Cities Also Joining Fray As PlaintiffsAdding another dimension to the lead issue is the threat of lawsuits in several cities, including Chicago; Milwaukee; Newark, NJ; and Providence, RI. In one city — St. Louis — the threat has became reality with the recent filing of a suit essentially targeting the same group of defendants involved in the Rhode Island and Baltimore suits. And Santa Clara County, CA, recently became the first county to file suit against pigment and paint manufacturers. The county’s suit seeks an unspecified amount of money to remove lead-based paint from buildings, educate residents about lead-paint risks and provide treatment for children affected by lead poisoning.
City or other government officials considering lawsuits are usually prodded along by plaintiffs’ attorneys who stand to share the spoils of potential judgments against the defendants — along the lines of the private-public legal tandems that won multibillion-dollar penalties from the tobacco companies. The actions of these lawyers played a key role in the lawsuit filed by Rhode Island Attorney General Whitehouse and the filing of a lawsuit by private parties in Wisconsin.

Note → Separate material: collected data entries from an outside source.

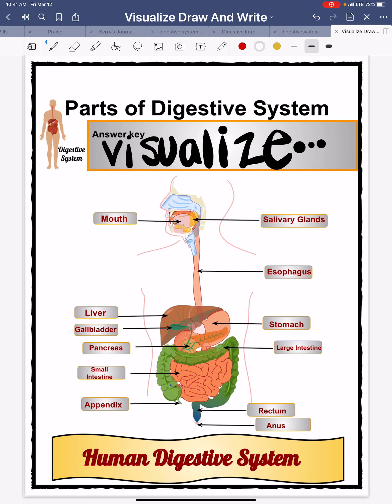In the stomach, the same muscles swish the food pieces around and mix it with the burning acid. The tiny food pieces don't even look like food anymore. They are so small.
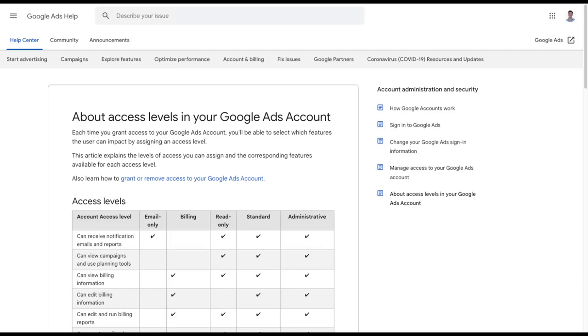In this short video, I want to give a word of warning, a public service announcement if you will, about access levels in Google Ads and having a really good understanding of who actually has what level of access in your account.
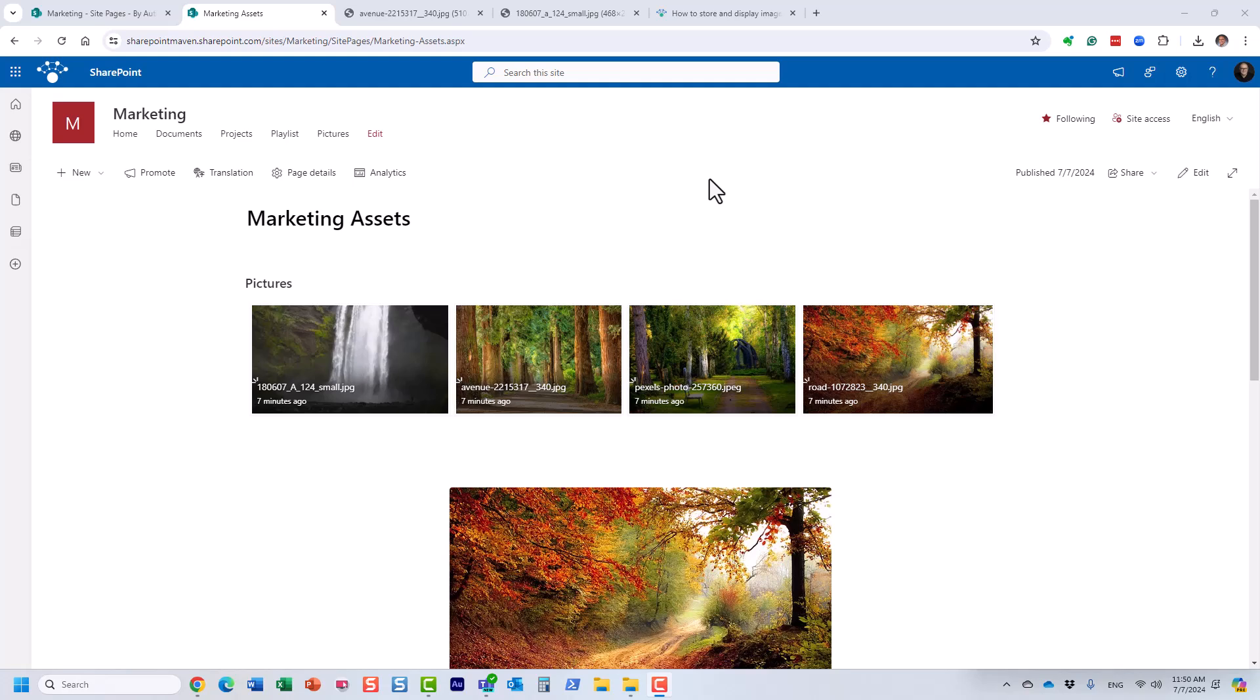Again, the first one being a document library. The second one being the image web part. And the third is the image gallery web part. I'm pretty sure you will find use cases for all three options, depending on how many images you have, what your use case is, and how you need to display them.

Marc Whitehead, who has represented companies frequently named in lead-paint lawsuits, said such suits commonly make arguments based on products and practices that were abandoned long ago. “Most of the allegations concern conduct in the first quarter or first third of the 20th century. That’s a long time ago, and it certainly raises issues as to whether it’s reasonable to go back that far,” Whitehead said. And, he said, “We feel litigation is not the way to solve the lead-paint problem.”
Defendants that have been named in lead-paint lawsuits include the Lead Industries Association, American Cyanamid Co., Atlantic Richfield Co., DuPont Co., The O’Brien Corp., The Glidden Co., NL Industries Inc., SCM Corp. and The Sherwin-Williams Co.